─── The records ───
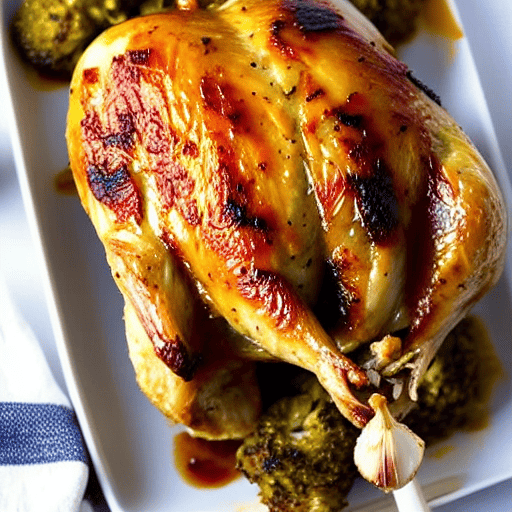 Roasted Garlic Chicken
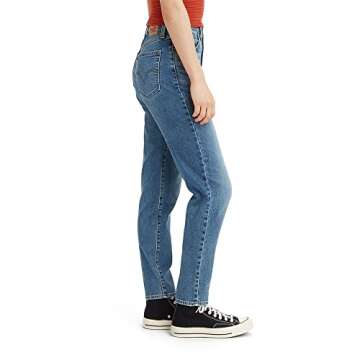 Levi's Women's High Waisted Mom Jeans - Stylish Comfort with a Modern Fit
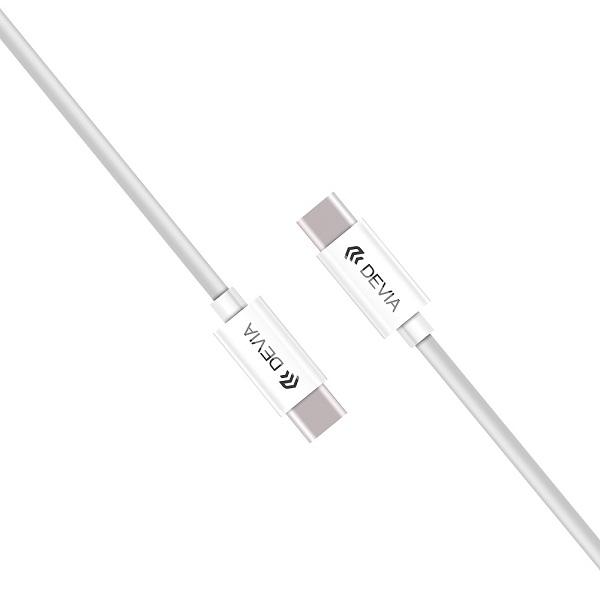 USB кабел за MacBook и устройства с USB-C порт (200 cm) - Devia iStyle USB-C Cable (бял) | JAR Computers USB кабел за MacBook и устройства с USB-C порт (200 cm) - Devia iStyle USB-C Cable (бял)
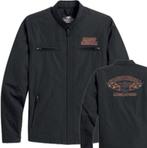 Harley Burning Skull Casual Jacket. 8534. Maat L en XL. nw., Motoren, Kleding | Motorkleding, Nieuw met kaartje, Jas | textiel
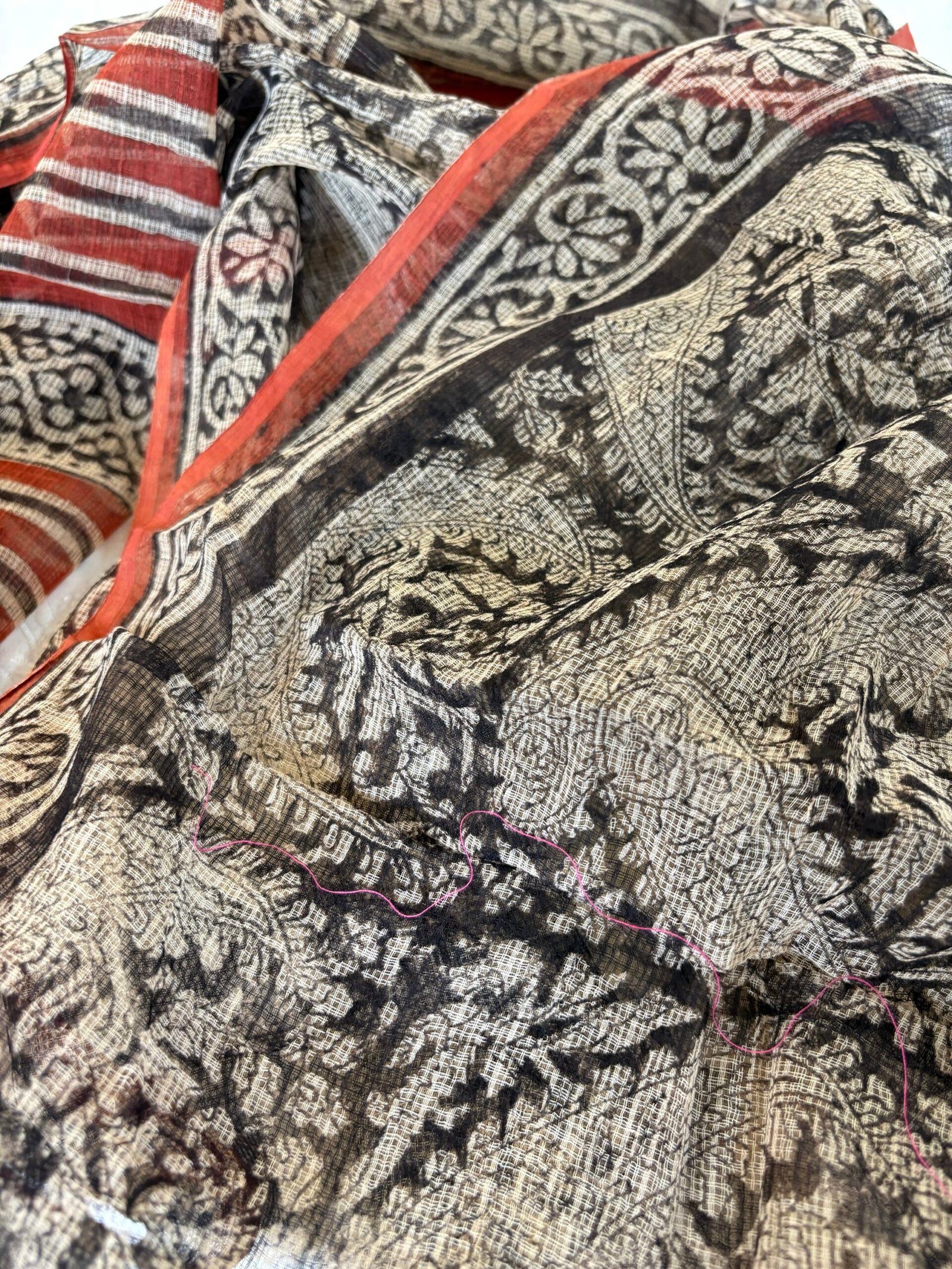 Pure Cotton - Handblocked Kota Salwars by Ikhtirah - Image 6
───
─── The records ───
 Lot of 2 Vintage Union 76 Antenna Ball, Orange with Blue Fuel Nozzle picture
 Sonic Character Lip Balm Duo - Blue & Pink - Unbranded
───
─── The records ───
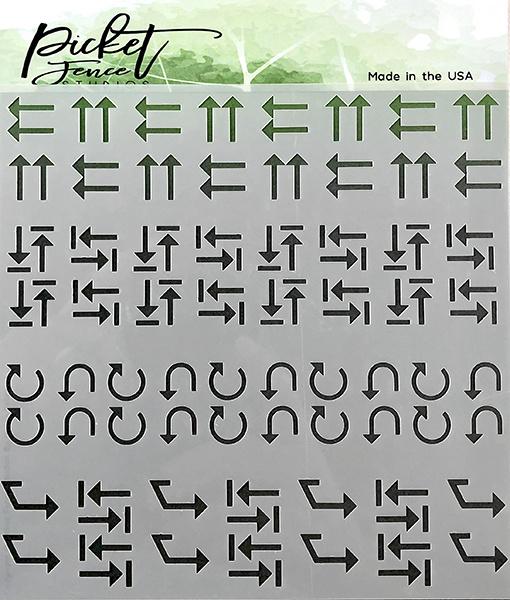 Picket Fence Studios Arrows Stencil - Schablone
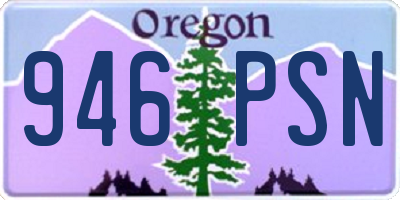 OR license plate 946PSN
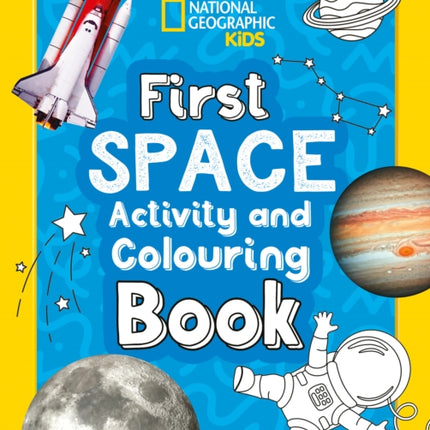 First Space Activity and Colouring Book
───
Task description - State how many lines of the data above contain the string "Blue", and give no other words.

Solution - 2